Now let’s build a model – let’s see if we can predict whether there will be a delay or not by the combination of the carrier, the month of the flight, and the time of day of the flight.

mod <- glm(is_delayed ~ carrier + 
             as.character(month) + 
             poly(sched_dep_time, 3),
           family = "binomial", 
           data = df_train)

# Out-of-Sample AUROC
df_test$pred <- predict(mod, newdata = df_test)
auc <- suppressMessages(pROC::auc(df_test$is_delayed, df_test$pred))
auc

## Area under the curve: 0.6425

As you can see, this is not a great model and any modelers reading this will have many ideas of how to improve what I’ve done. But that wasn’t the point!

I built a model on a small subset of a big data set. Including sampling time, this took my laptop less than 10 seconds to run, making it easy to iterate quickly as I want to improve the model. After I’m happy with this model, I could pull down a larger sample or even the entire data set if it’s feasible, or do something with the model from the sample.

Chunk and Pull

In this case, I want to build another model of on-time arrival, but I want to do it per-carrier. This is exactly the kind of use case that’s ideal for chunk and pull. I’m going to separately pull the data in by carrier and run the model on each carrier’s data.

I’m going to start by just getting the complete list of the carriers.

# Get all unique carriers
carriers <- df %>% 
  select(carrier) %>% 
  distinct() %>% 
  pull(carrier)

Now, I’ll write a function that

takes the name of a carrier as input
pulls the data for that carrier into R
splits the data into training and test
trains the model
outputs the out-of-sample AUROC (a common measure of model quality)
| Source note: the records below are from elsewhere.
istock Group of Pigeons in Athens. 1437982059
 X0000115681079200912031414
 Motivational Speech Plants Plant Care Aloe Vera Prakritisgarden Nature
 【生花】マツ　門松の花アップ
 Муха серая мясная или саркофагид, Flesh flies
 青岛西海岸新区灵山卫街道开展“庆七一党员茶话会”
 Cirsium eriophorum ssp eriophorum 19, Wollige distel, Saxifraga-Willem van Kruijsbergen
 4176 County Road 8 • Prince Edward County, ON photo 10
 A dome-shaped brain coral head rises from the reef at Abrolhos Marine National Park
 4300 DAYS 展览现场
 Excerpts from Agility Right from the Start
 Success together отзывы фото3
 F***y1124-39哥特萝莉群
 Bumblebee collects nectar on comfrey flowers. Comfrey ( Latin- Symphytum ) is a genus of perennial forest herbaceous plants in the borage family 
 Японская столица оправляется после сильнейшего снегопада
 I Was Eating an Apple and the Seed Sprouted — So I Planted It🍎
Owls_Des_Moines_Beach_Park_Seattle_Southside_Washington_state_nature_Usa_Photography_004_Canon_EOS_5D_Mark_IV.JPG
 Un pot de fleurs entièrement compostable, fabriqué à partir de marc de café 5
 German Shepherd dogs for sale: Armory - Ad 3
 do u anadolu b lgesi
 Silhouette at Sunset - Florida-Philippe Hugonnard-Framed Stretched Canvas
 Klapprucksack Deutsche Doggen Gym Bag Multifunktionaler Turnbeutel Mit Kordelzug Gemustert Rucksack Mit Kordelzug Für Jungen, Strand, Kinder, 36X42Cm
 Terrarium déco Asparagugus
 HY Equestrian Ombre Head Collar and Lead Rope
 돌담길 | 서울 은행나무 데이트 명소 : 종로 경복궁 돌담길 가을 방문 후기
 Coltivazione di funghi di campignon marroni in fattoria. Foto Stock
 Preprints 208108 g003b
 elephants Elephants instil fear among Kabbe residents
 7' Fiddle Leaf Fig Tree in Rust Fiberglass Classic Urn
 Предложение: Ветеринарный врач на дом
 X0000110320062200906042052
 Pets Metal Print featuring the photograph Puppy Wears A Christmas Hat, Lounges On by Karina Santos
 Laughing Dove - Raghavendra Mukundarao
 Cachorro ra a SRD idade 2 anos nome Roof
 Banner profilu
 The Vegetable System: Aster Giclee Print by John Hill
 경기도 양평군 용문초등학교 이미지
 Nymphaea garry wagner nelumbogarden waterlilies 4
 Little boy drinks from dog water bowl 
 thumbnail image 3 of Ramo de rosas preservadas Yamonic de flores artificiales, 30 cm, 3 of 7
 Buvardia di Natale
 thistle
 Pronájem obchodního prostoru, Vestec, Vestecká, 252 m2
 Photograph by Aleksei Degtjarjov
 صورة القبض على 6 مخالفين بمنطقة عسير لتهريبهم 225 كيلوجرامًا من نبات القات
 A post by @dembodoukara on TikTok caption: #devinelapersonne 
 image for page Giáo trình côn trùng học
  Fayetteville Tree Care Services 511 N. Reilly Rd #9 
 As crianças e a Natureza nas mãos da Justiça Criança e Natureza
carrier_model <- function(carrier_name) {
  # Pull a chunk of data
  df_mod <- df %>%
    dplyr::filter(carrier == carrier_name) %>%
    collect()
  
  # Split into training and test
  split <- df_mod %>%
    rsample::initial_split(prop = 0.9, strata = "is_delayed") %>% 
    suppressMessages()
  
  # Get training data
  df_train <- split %>% rsample::training()
  
  # Train model
  mod <- glm(is_delayed ~ as.character(month) + poly(sched_dep_time, 3),
             family = "binomial",
             data = df_train)
  
  # Get out-of-sample AUROC
  df_test <- split %>% rsample::testing()
  df_test$pred <- predict(mod, newdata = df_test)
  suppressMessages(auc <- pROC::auc(df_test$is_delayed ~ df_test$pred))
  
  auc
}

Now, I’m going to actually run the carrier model function across each of the carriers. This code runs pretty quickly, and so I don’t think the overhead of parallelization would be worth it. But if I wanted to, I would replace the lapply call below with a parallel backend.³

set.seed(98765)
mods <- lapply(carriers, carrier_model) %>%
  suppressMessages()

names(mods) <- carriers

Let’s look at the results.

mods

## $UA
## Area under the curve: 0.6408
## 
## $AA
## Area under the curve: 0.6041
## 
## $B6
## Area under the curve: 0.6475
## 
## $DL
## Area under the curve: 0.6162
## 
## $EV
## Area under the curve: 0.6419
## 
## $MQ
## Area under the curve: 0.5973
## 
## $US
## Area under the curve: 0.6096
## 
## $WN
## Area under the curve: 0.6968
## 
## $VX
## Area under the curve: 0.6969
## 
## $FL
## Area under the curve: 0.6347
## 
## $AS
## Area under the curve: 0.6906
## 
## $`9E`
## Area under the curve: 0.6071
## 
## $F9
## Area under the curve: 0.625
## 
## $YV
## Area under the curve: 0.7029

So these models (again) are a little better than random chance. The point was that we utilized the chunk and pull strategy to pull the data separately by logical units and building a model on each chunk.

Push Compute to the Data

In this case, I’m doing a pretty simple BI task - plotting the proportion of flights that are late by the hour of departure and the airline.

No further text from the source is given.